The dimensions of the right-hand side are:

\[ [\ell_P] = \text{kg}^{\alpha-\gamma} \cdot \text{m}^{2\alpha+\beta+3\gamma} \cdot \text{s}^{-\alpha-\beta-2\gamma} \]

Setting this equal to \([\text{m}]^1 = \text{kg}^0 \cdot \text{m}^1 \cdot \text{s}^0\), we set up the system of equations:

\[ \begin{cases} \alpha - \gamma = 0 & (\text{exponent of kg}) \\ 2\alpha + \beta + 3\gamma = 1 & (\text{exponent of m}) \\ -\alpha - \beta - 2\gamma = 0 & (\text{exponent of s}) \end{cases} \]

🔵 Kai: A system of three equations with three unknowns. That's what we learned in high school.

🟡 Lina: Right, the solution is straightforward.
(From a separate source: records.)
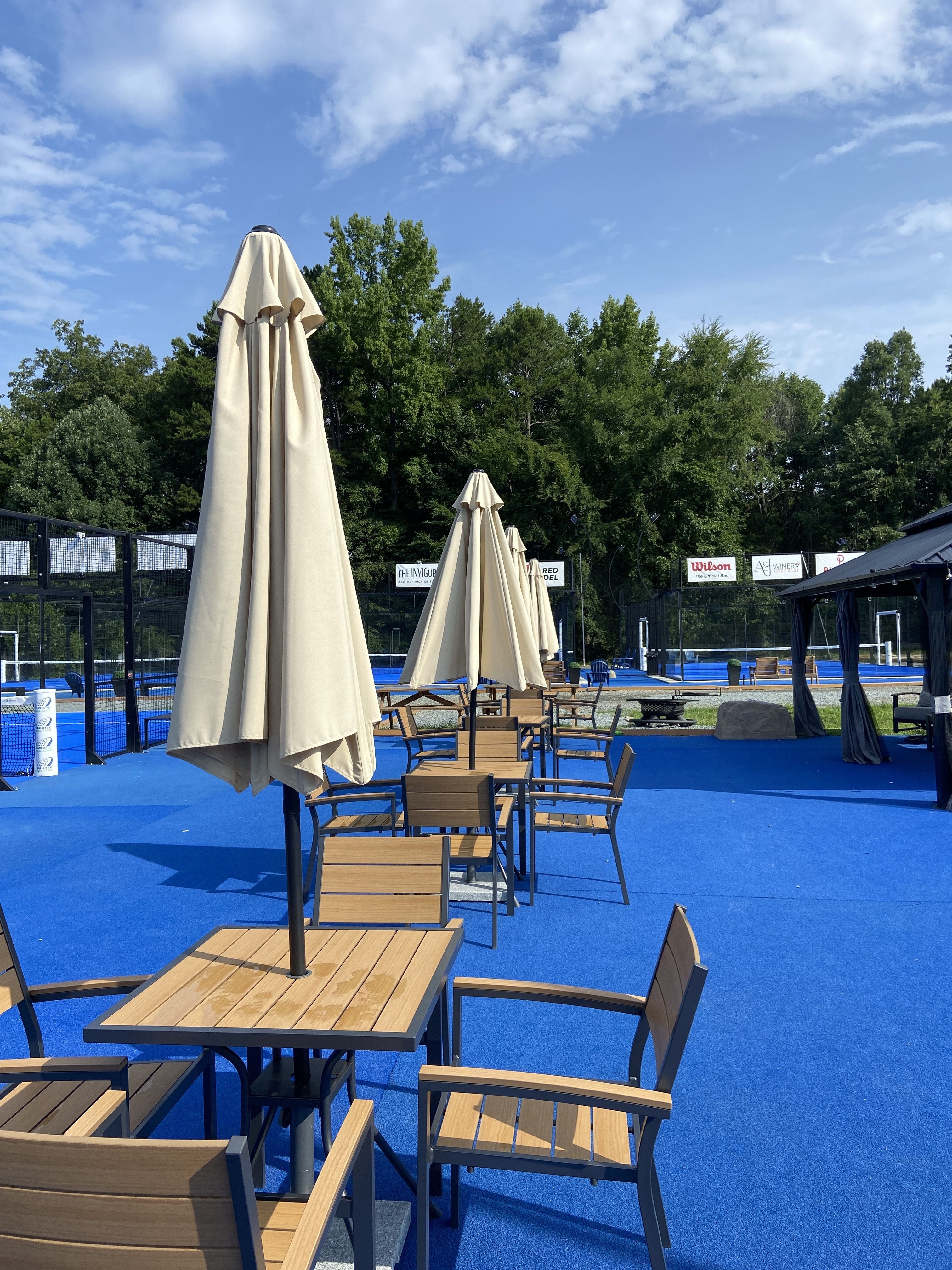 Padel social area.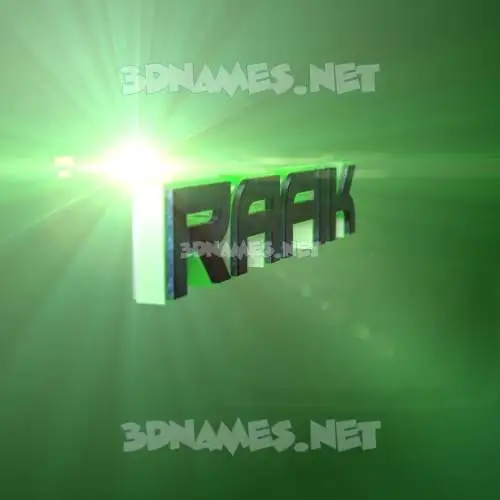 rafik in Green Light style - 3D name wallpaper rafik in Green Light style - 3D name wallpaper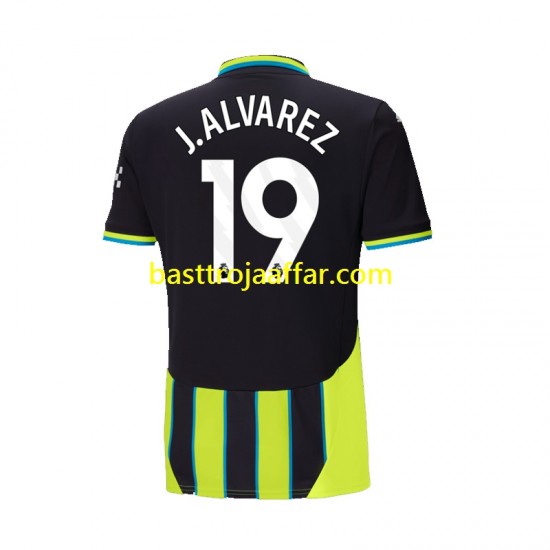 Manchester City Julian Alvarez 19 Män Borta Fotbollströja 2024-2025 Kortärmad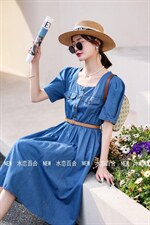 连衣裙，女装连衣裙，水恋百合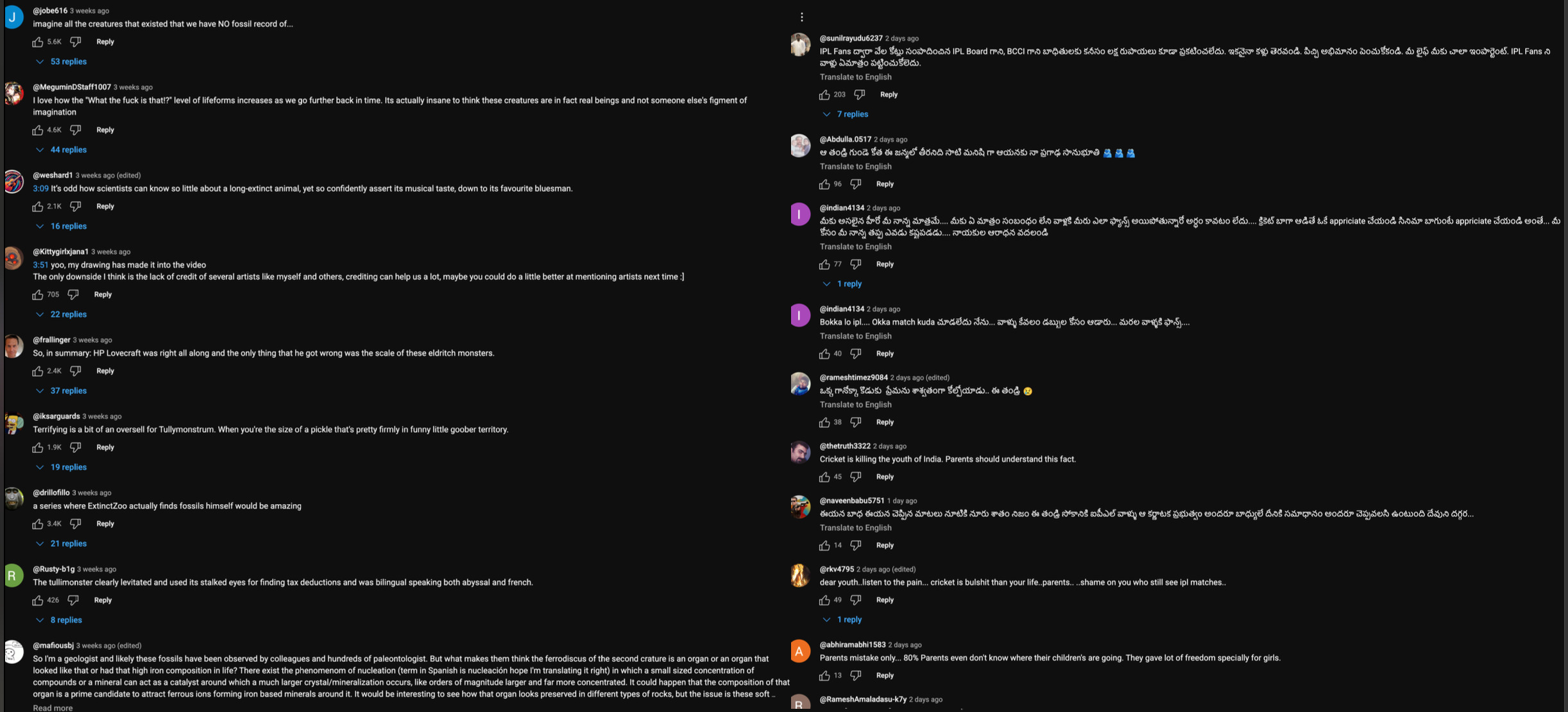 Chaotic Comments Before AI Organization
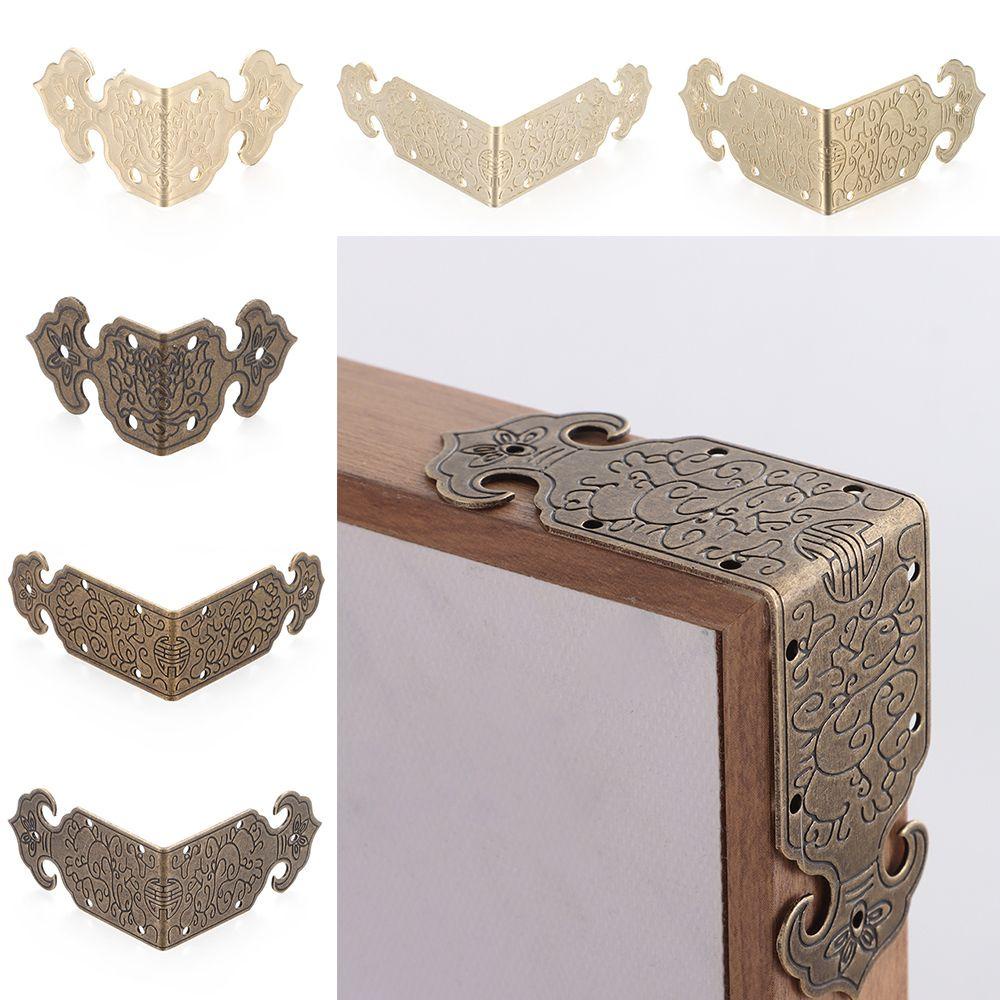 Set 8 Giá Đỡ Góc Đồ Nội Thất Bằng Kim Loại Đa Năng Tiện Dụng DIY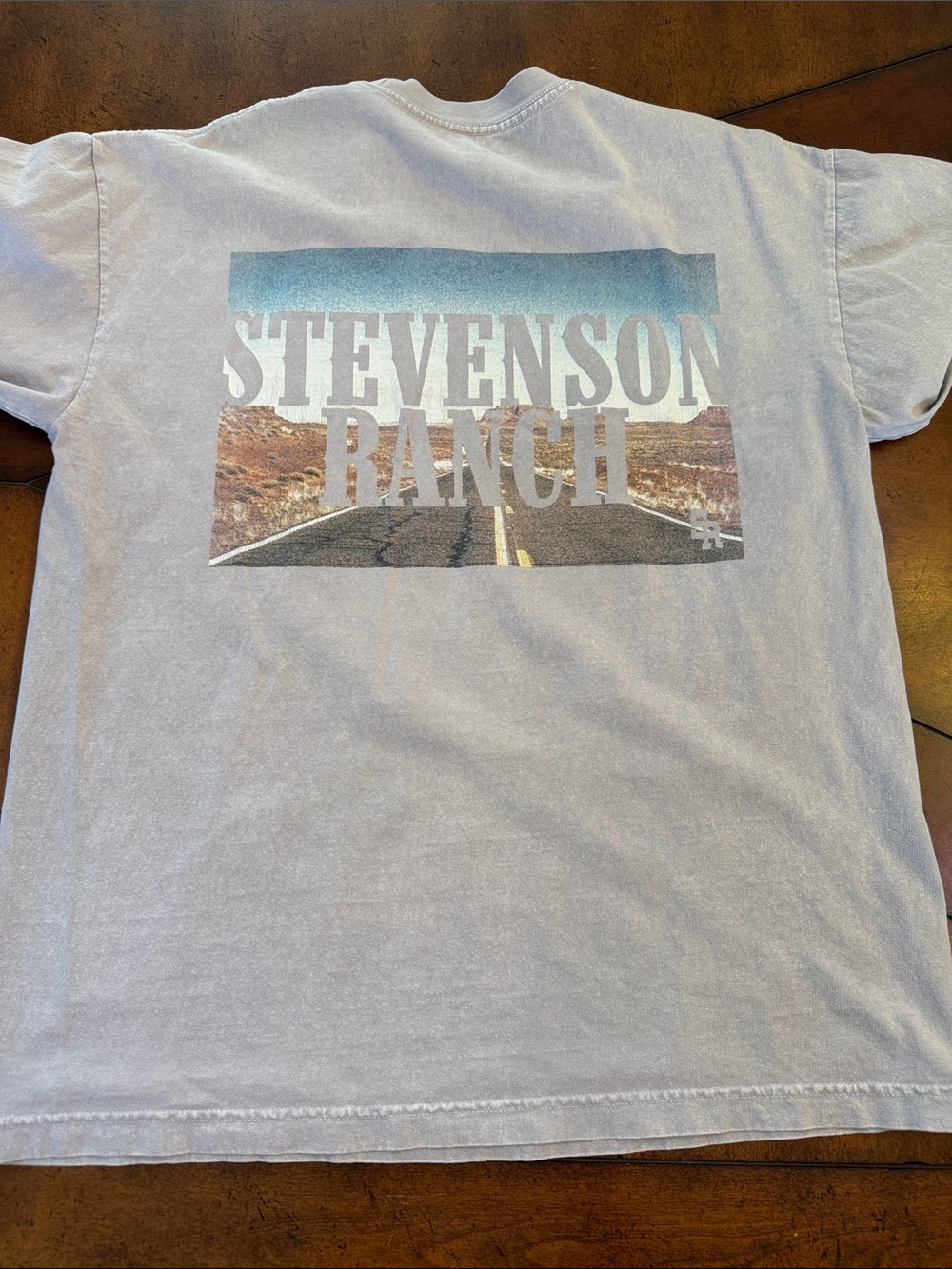 Stevenson RanchLight Gray ‘Not My First Rodeo' Chest Script Short Sleeve Tee - Picture 5 of 6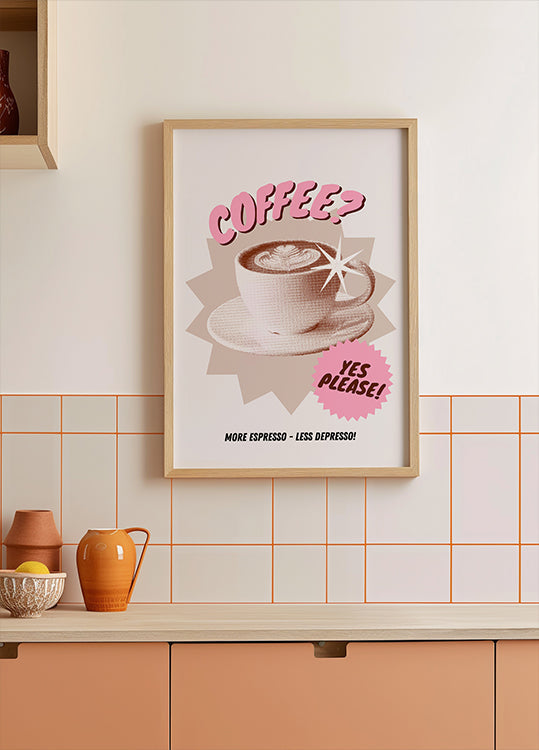 Cup of Joy Plakat - Posterbox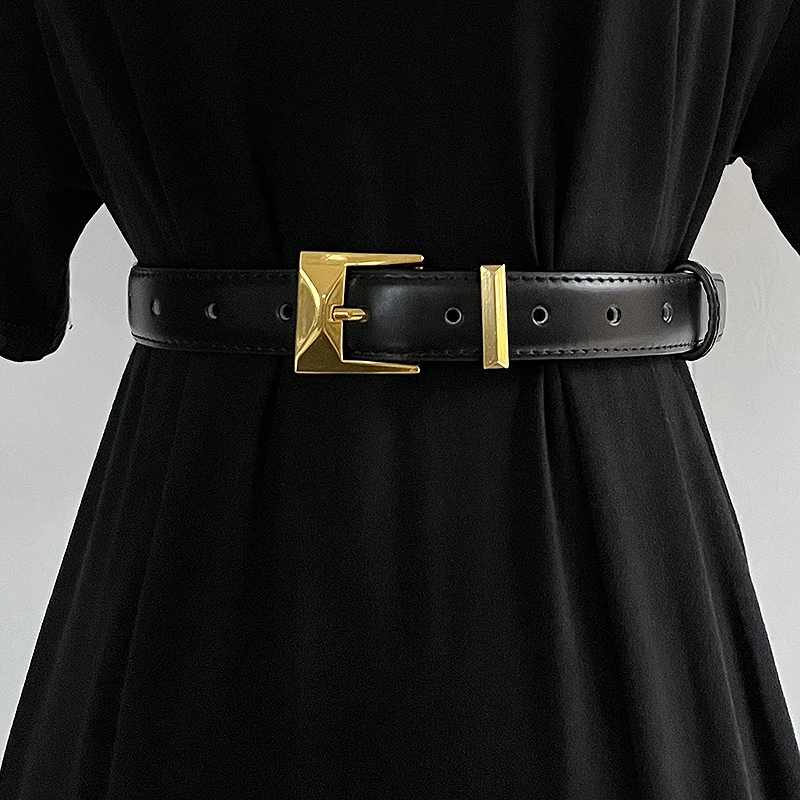 

2022 Orginal Design Metal Buckle Jeans Belt Strap Women Fashion Genuine Leather Waist Belt High Quality Cowhide Waistband Belts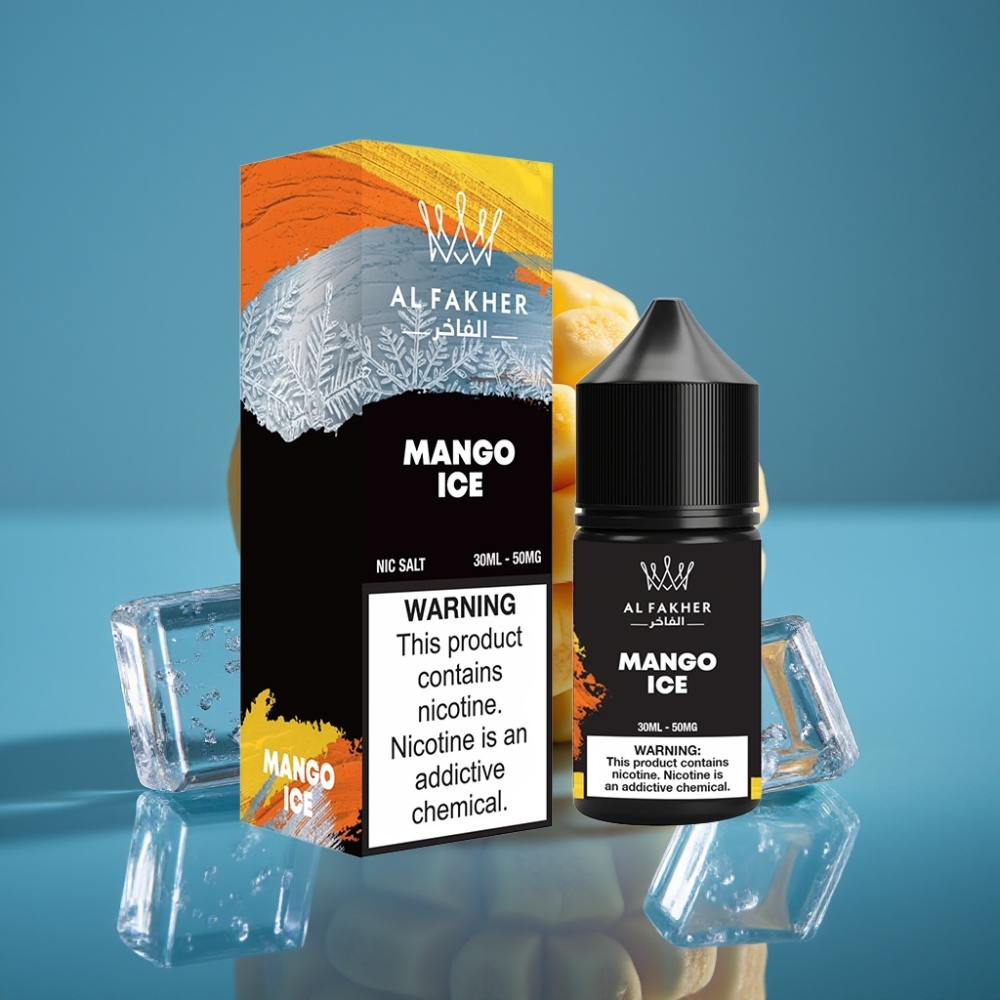 AL Fakher Nicotine Salt E-Liquid 30ml Mango Led (Manga Ice) 50MG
From the first equation, \(\alpha = \gamma\). Substituting into the third equation:

$$ -\alpha - \beta - 2\alpha = 0 \quad \Longrightarrow \quad \beta = -3\alpha $$ Substituting \(\beta = -3\alpha\) and \(\gamma = \alpha\) into the second equation:

\[ 2\alpha + (-3\alpha) + 3\alpha = 1 \quad \Longrightarrow \quad 2\alpha = 1 \quad \Longrightarrow \quad \alpha = \frac{1}{2} \]

Therefore \(\alpha = \gamma = 1/2\), \(\beta = -3/2\).

\[ \boxed{\ell_P = \sqrt{\frac{\hbar G}{c^3}}} \]

⚪ Mei: What a clean formula. It's fascinating that a length is uniquely determined just by combining three fundamental constants.

🟡 Lina: Substituting numerical values:

\[ \ell_P = \sqrt{\frac{(1.055 \times 10^{-34})(6.674 \times 10^{-11})}{(2.998 \times 10^8)^3}} \]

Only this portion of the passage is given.